» TASK REQUIREMENTS
With pictures excluded, retype exactly every line from the one containing "Mazda 3 - 11" to the end of the records below.

» DATA FOR REVIEW
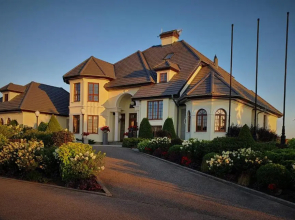 Bungalows at Sierra Golf Resort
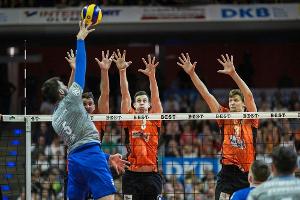 Volleyball: Friedrichshafen gleicht aus, Showdown am Bodensee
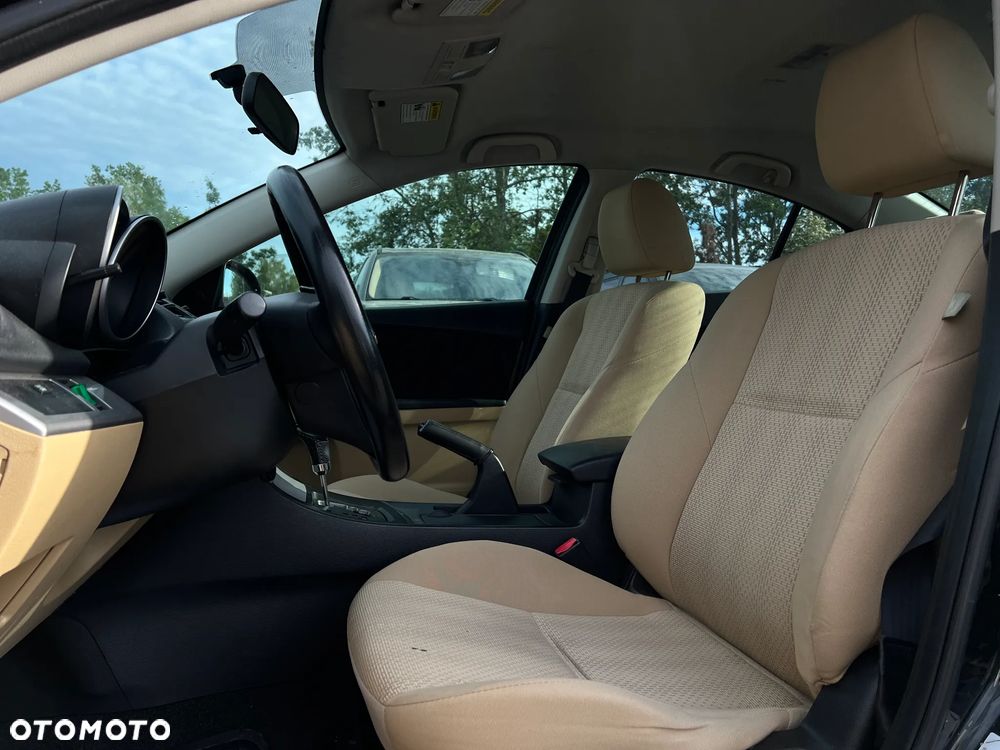 Mazda 3 - 11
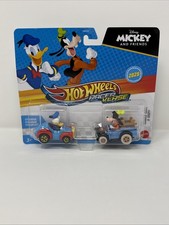 Hot Wheels RacerVerse Paperino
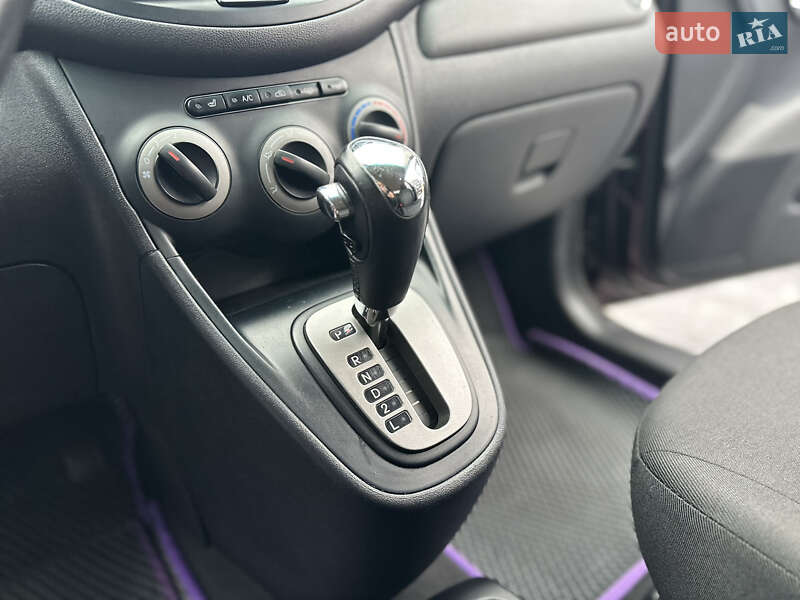 Хэтчбек Hyundai i10 2012 в Виннице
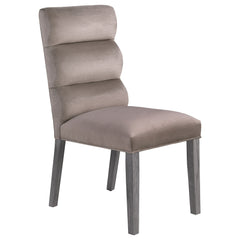Silla de comedor Carla tapizada en terciopelo color fresno (juego de 2)
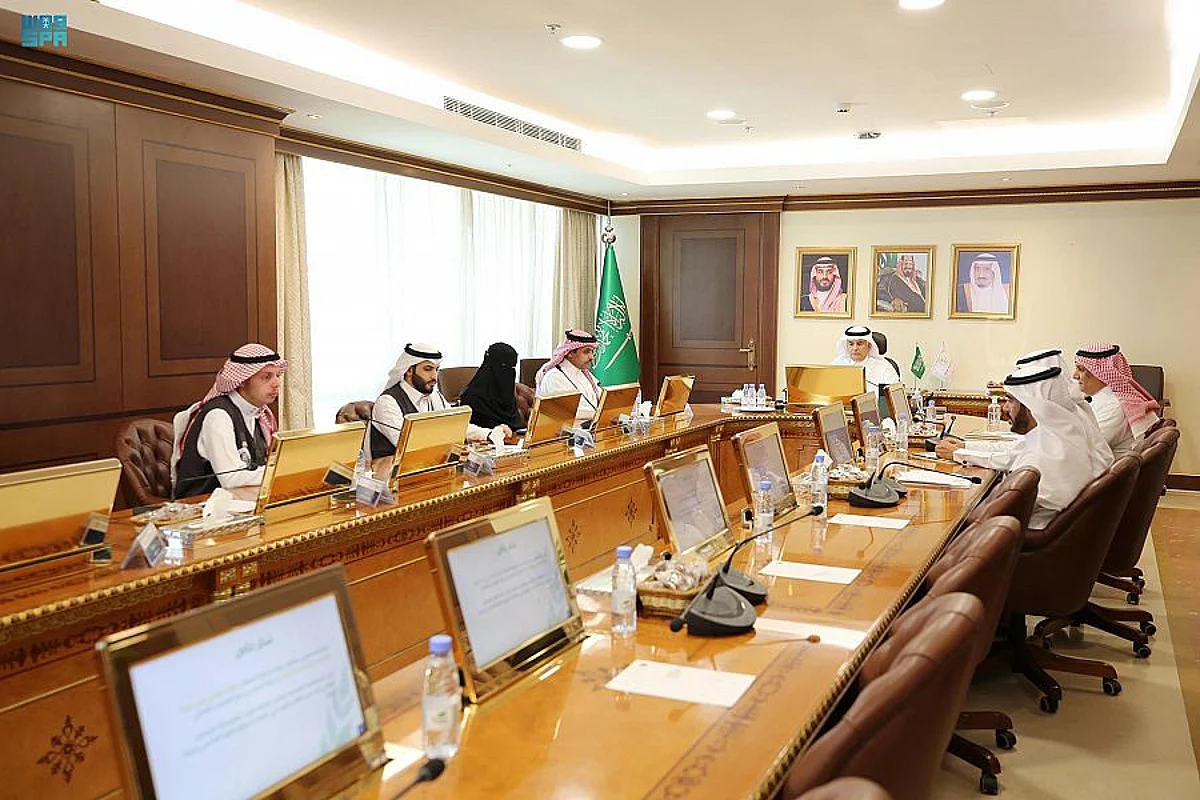 وزير البيئة يطَّلع على تقرير جمعية "خيرات" خلال النصف الأول من 2022م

» REPLY
 Mazda 3 - 11
 Hot Wheels RacerVerse Paperino
 Хэтчбек Hyundai i10 2012 в Виннице
Silla de comedor Carla tapizada en terciopelo color fresno (juego de 2)
 وزير البيئة يطَّلع على تقرير جمعية "خيرات" خلال النصف الأول من 2022م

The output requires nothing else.